Retired Philippine trooper

Jacinto Moreno is a retired Philippine Constabulary enlisted trooper and a recipient the Philippines' highest military award for courage, the Medal of Valor. Moreno was assigned as the assistant non-Commissioned Officer-in-charge of the Maslog Patrol Base in Maslog, Eastern Samar on 23 May 1985 when the base came under attack from approximately 60 armed rebels. Defending the base with Moreno were six other military men and nine members of the Integrated Civilian Home Defense Forces. Moreno assumed command of the base defense when his superior grew weak from blood loss due to wounds.

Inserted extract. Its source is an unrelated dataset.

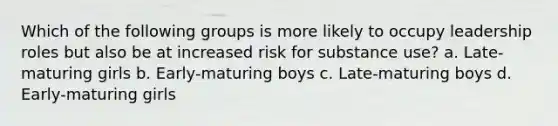 Which of the following groups is more likely to occupy leadership roles but also be at increased risk for substance use? a. Late-maturing girls b. Early-maturing boys c. Late-maturing boys d. Early-maturing girls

==Medal of Valor citation==
"By direction of the President, pursuant to paragraph 3a, Section I, Armed Forces of the Philippines Regulations G 131–052, this Headquarters, dated 24 April 1967, the MEDAL FOR VALOR is hereby awarded to:

Sergeant Jacinto Moreno 665546

Philippine Constabulary

"for conspicuous gallantry and intrepidity at the risk of life, above and beyond the call of duty, as Assistant Non-Commissioned Officer-In-Charge of Maslog Patrol Base, Eastern Samar who gallantry fought and successfully defended the patrol base with only six military men and nine members of the Civilian Defense Forces against the attack of an overwhelming number of superior enemy on 23 May 1985. After confirming a report at late afternoon of 22 May that about 60 armed men were in the public cemetery near Poblacion, the troops planned an attack at dawn. But before they could jump off, the base was riddled by enemy fire, hitting Staff Sergeant Fortes, the Team Leader. Though wounded, he ordered his men to hold their positions and fight. The battle raged on and Staff Sergeant Fortes, still weak due to loss of blood, finally passed on the leadership to Sergeant Moreno who immediately brought Staff Sergeant Fortes in a safe area. Then, he took the former’s M16 rifle and manned a machine gun. When it was light, they saw the overwhelming enemy, with three M60 machine guns, aside from their assault rifles. Unfazed, he braved the hail of bullets around him and felled the enemy machine gunner. As the battle raged, he realized that they might run out of ammunition before reinforcements arrived. He ordered his men to shift (from) full-automatic to semi-automatic fire and cautioned them to stay calm and fire accurately. He then maneuvered from one position to another, hitting and felling several advancing terrorists, temporarily slowing down their attack. The fierce battle lasted for three hours when the raiders finally withdrew. There were 30 enemies accounted dead while 15 more were found at the scene of encounter. By this display of exceptional courage and high degree of leadership, Sergeant Moreno distinguished himself in the field of combat in keeping with the highest tradition of Filipino soldiery."